→ **Exercise instructions**
Only the pictures are to be omitted; everything else in the listing must be reproduced exactly.

→ **Given data**
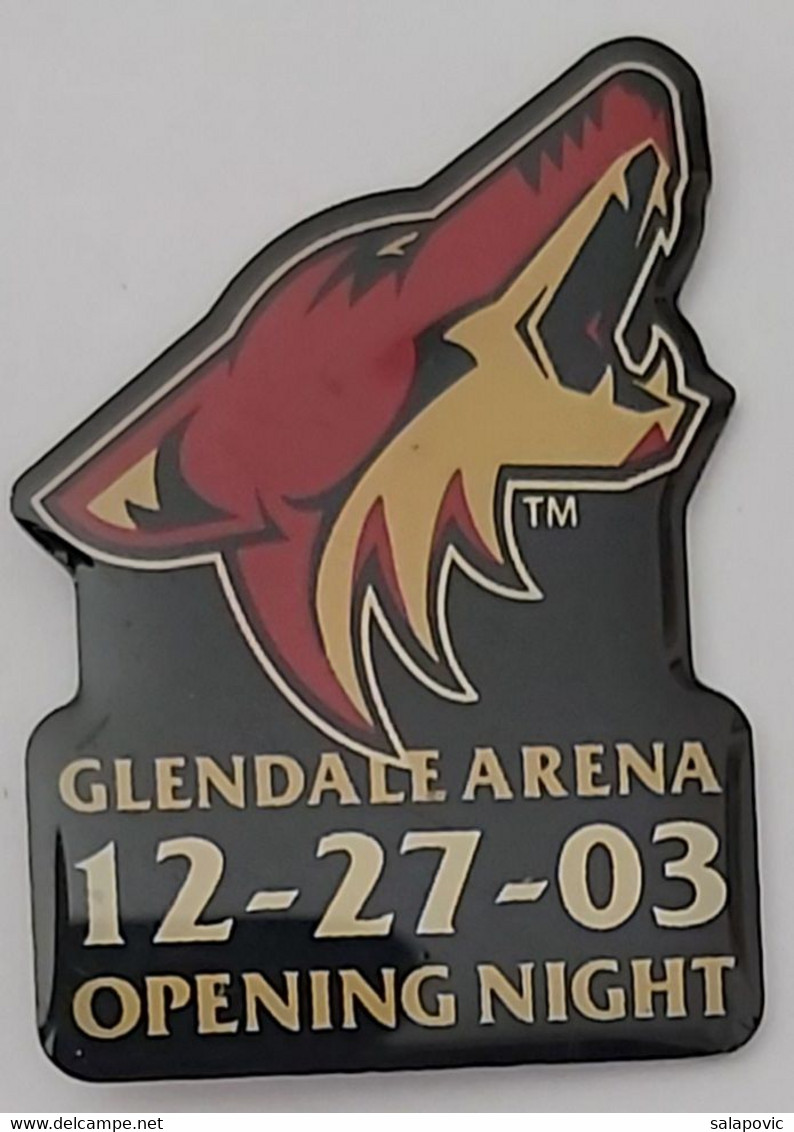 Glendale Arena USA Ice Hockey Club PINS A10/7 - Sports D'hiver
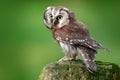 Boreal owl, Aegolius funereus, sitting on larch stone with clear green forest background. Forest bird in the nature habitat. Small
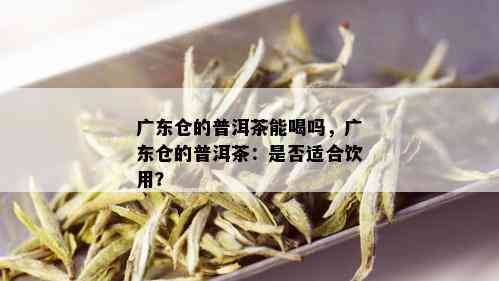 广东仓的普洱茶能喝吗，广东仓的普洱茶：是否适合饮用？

→ **Task response**
 Glendale Arena USA Ice Hockey Club PINS A10/7 - Sports D'hiver
 Boreal owl, Aegolius funereus, sitting on larch stone with clear green forest background. Forest bird in the nature habitat. Small
 广东仓的普洱茶能喝吗，广东仓的普洱茶：是否适合饮用？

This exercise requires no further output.